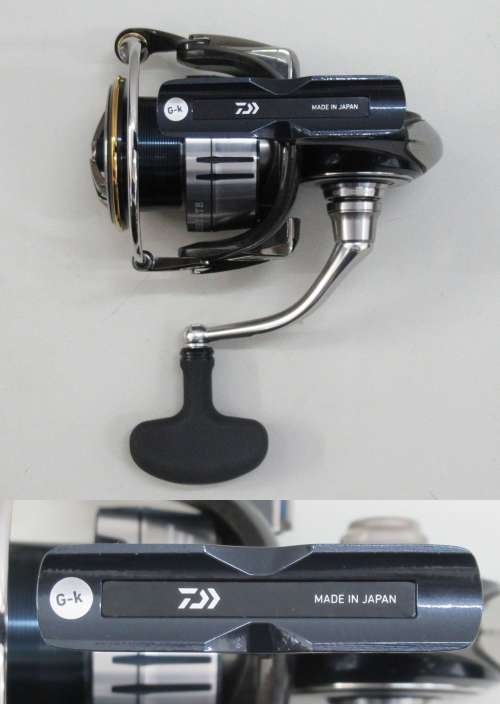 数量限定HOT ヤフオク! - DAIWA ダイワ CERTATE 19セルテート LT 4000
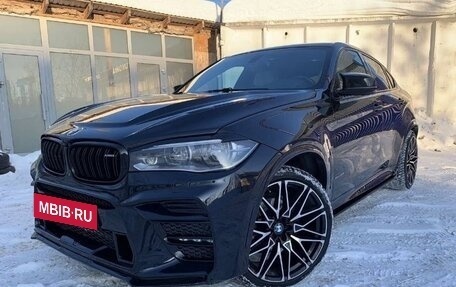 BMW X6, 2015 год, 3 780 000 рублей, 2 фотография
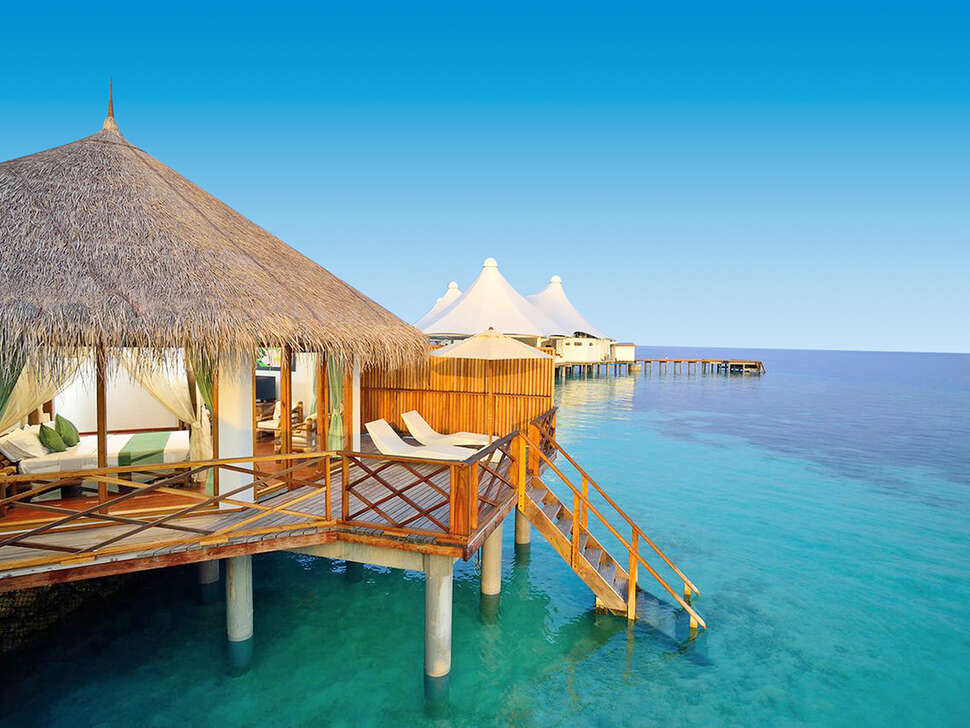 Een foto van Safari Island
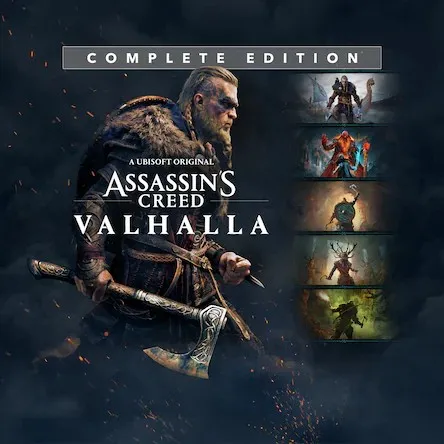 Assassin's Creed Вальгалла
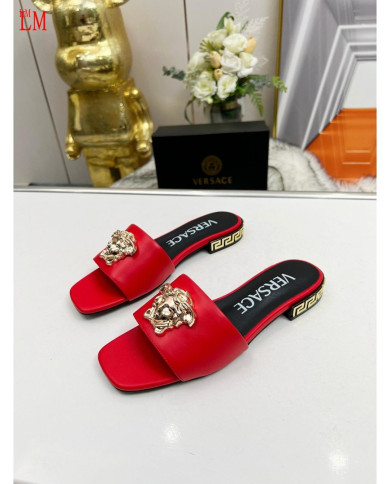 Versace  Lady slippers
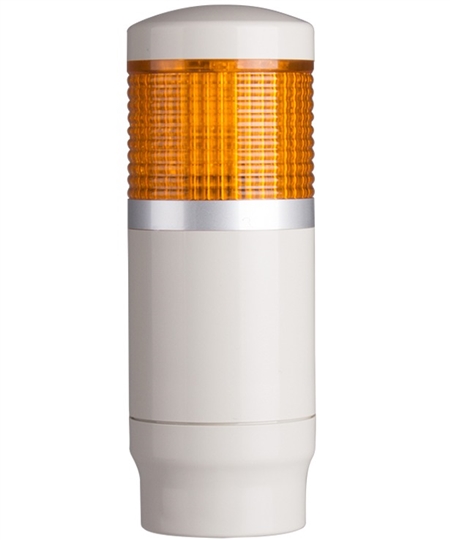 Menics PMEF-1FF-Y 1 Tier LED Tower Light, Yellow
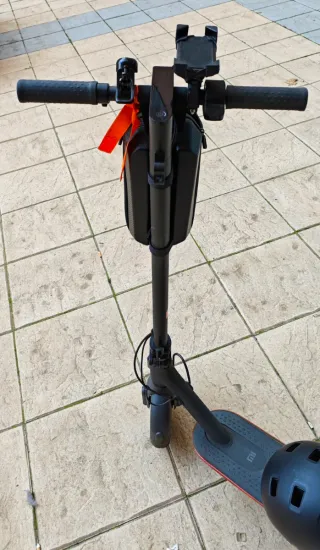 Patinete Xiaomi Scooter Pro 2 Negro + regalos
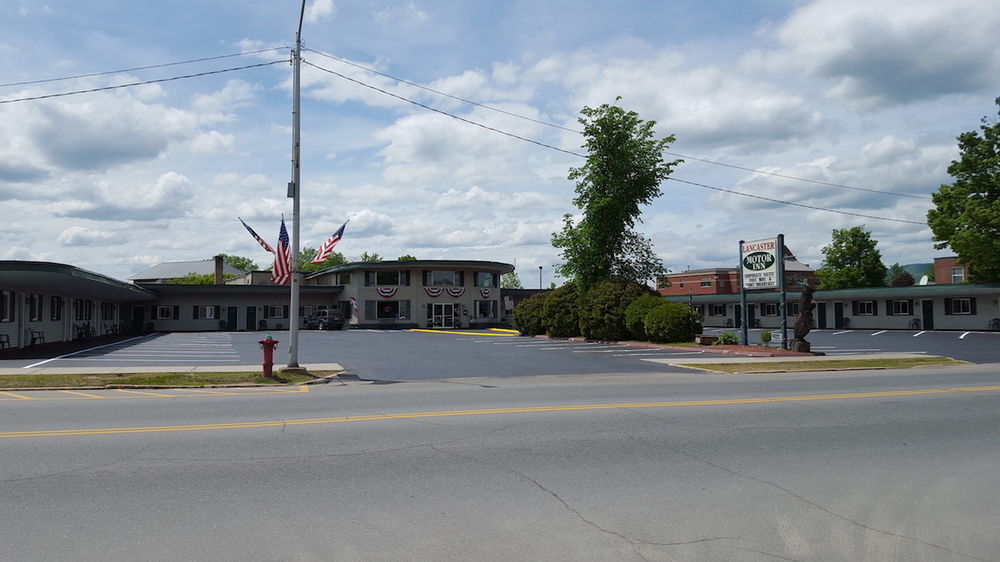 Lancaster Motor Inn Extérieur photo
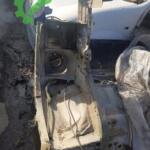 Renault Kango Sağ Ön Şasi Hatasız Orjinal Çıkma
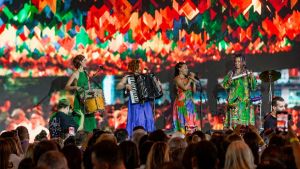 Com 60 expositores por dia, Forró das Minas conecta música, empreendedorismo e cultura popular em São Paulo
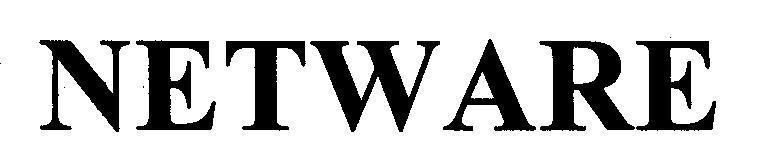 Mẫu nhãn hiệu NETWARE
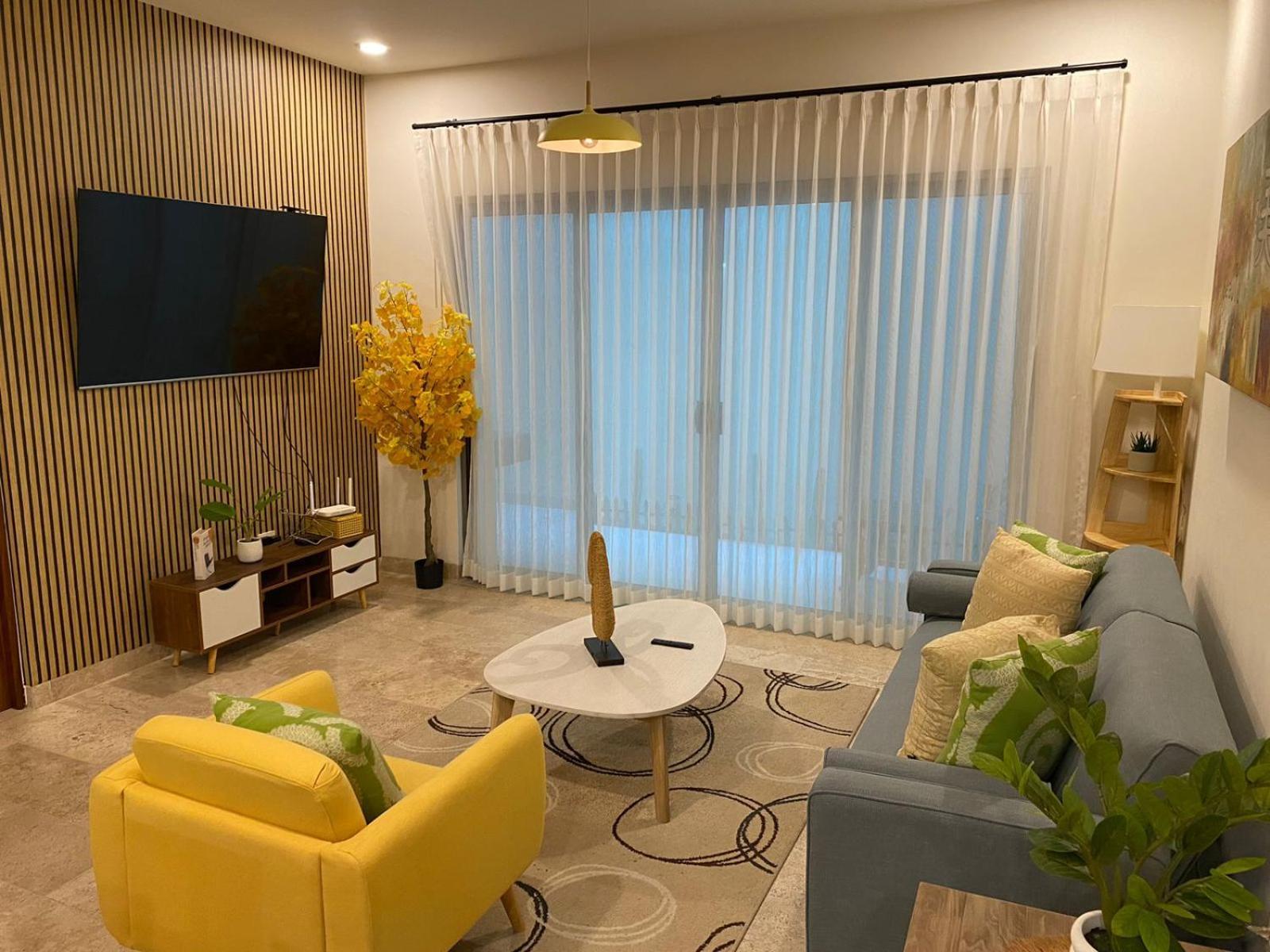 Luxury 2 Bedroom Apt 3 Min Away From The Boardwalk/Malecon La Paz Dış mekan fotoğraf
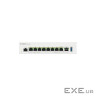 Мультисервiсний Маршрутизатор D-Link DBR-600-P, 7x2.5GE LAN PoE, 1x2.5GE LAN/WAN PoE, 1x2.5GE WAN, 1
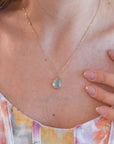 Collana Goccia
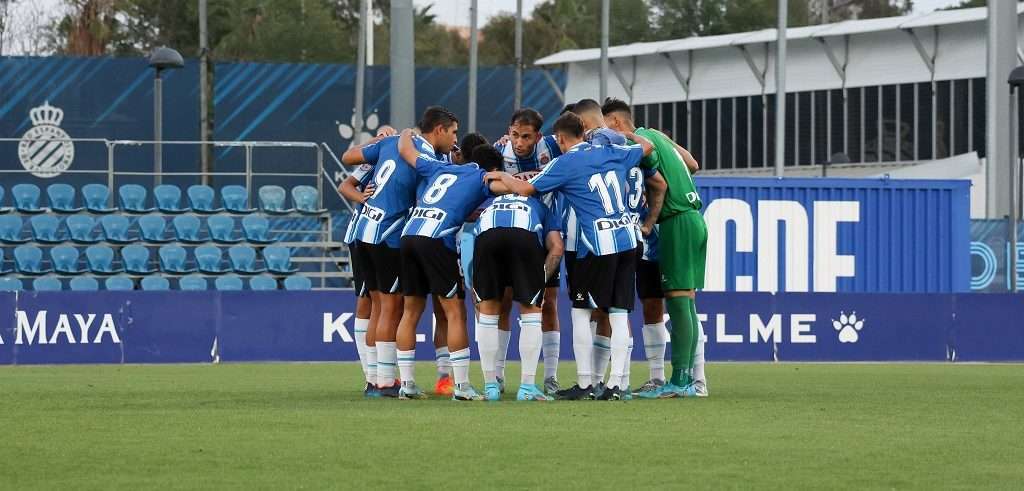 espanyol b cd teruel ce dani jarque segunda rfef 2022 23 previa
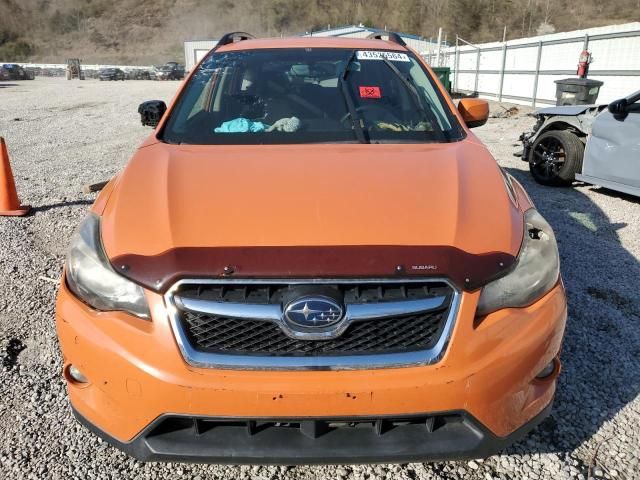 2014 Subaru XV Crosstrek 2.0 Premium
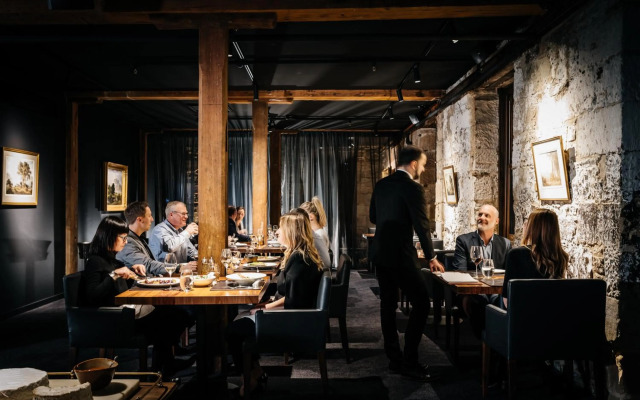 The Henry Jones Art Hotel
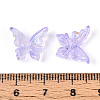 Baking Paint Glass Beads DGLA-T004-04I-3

-------

[What is needed]
Copy the listing above verbatim, leaving out pictures.

[Answer box]
 数量限定HOT ヤフオク! - DAIWA ダイワ CERTATE 19セルテート LT 4000
 BMW X6, 2015 год, 3 780 000 рублей, 2 фотография
 Een foto van Safari Island
 Assassin's Creed Вальгалла
 Versace  Lady slippers
 Menics PMEF-1FF-Y 1 Tier LED Tower Light, Yellow
 Patinete Xiaomi Scooter Pro 2 Negro + regalos
 Lancaster Motor Inn Extérieur photo
 Renault Kango Sağ Ön Şasi Hatasız Orjinal Çıkma
 Com 60 expositores por dia, Forró das Minas conecta música, empreendedorismo e cultura popular em São Paulo
 Mẫu nhãn hiệu NETWARE
 Luxury 2 Bedroom Apt 3 Min Away From The Boardwalk/Malecon La Paz Dış mekan fotoğraf
 Мультисервiсний Маршрутизатор D-Link DBR-600-P, 7x2.5GE LAN PoE, 1x2.5GE LAN/WAN PoE, 1x2.5GE WAN, 1
 Collana Goccia
 espanyol b cd teruel ce dani jarque segunda rfef 2022 23 previa
 2014 Subaru XV Crosstrek 2.0 Premium
 The Henry Jones Art Hotel
 Baking Paint Glass Beads DGLA-T004-04I-3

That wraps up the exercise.